Freshman forward Reggie Chaney garnered his first career start with junior Adrio Bailey playing off the bench, a move that ended the Hogs 10-game streak of starting the same lineup of Gafford, Harris, Joe, Jones, and Bailey. Chaney was shaky with turnovers early and actually played better coming off the bench in the second half as he finished with 7 points (3-of-4 field goals and 1-of-1 free throws), 6 rebounds, 2 blocks, and 5 turnovers in only 12 minutes.
I thought Reggie started off a little nervous,” Anderson said. “You expect that from a freshman in his first start. But we had some guys come off and give us some quality minutes.”  
Harris had 10 points (5-of-9 field goals), but uncharacteristically had only 1 assist and 2 turnovers.

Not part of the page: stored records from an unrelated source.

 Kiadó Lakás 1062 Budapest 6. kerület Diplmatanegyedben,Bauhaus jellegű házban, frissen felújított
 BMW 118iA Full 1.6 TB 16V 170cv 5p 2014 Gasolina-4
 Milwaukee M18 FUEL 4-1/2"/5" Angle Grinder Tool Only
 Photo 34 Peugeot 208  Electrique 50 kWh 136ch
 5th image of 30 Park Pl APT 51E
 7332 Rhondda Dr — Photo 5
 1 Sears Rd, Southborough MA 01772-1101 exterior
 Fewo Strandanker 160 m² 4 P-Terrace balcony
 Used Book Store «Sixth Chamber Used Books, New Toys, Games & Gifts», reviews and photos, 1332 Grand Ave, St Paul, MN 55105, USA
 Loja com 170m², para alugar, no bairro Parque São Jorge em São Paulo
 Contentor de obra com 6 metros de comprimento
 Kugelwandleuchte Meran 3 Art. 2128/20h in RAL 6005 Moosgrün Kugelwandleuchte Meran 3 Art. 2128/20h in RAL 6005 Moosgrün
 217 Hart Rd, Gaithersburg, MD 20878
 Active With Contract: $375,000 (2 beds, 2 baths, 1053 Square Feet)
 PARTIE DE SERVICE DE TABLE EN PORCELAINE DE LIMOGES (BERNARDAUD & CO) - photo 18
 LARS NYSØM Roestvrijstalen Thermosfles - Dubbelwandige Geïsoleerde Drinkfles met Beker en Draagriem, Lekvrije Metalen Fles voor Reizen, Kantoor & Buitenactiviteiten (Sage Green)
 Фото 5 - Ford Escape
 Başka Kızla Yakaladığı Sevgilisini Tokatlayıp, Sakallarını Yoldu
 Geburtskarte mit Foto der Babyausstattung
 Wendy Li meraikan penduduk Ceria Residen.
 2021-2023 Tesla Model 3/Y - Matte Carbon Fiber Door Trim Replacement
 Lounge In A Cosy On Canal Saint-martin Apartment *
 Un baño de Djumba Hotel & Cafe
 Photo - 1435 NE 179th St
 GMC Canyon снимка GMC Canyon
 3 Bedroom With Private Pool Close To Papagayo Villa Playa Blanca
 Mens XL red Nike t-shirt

In the same vein that Arkansas won the game at the free throw line, Texas State built its early 13-point lead and was always within striking distance because of its dominance behind the arc. The Bobcats finished 12-of-26 from 3 for 46.2% compared to the Hogs’ 3-of-11 effort for 27.3%. Texas State also won the rebounding battle (42-34) because of a hefty advantage on the offensive glass (17-9) that also led to a whopping win in second-chance-points (21-2). Arkansas won points-in-the-paint (28-18) due in large part by the interior presence of Gafford and Chaney.
Both teams were sloppy with the ball — 16 turnovers for TSU, 15 for UA — and both teams managed 19 points off the other team’s giveaways. Arkansas won fast-break points (8-2) and steals/blocks (13-7), but Texas State won bench scoring (19-6). Overall, the Hogs shot 21-of-47 from the field for 44.7%, and Texas State hit 25-of-60 field goals for 41.7%.
The Bobcats were led by senior guard Tre’Larenz Nottingham’s 18 points (including 6-of-13 from 3), junior guard Nijal Pearson’s 16 points (nearly 4 points off his 19.9-point scoring average), and senior guard Jaylen Shead (14 points, 6 rebounds, 4 assists).
Arkansas will enjoy the holidays with a 6-game break between games. The Razorbacks close out the December portion of their schedule against Austin Peay on Friday, Dec. 28, before opening up SEC play on the road against Texas A&M on Jan. 5.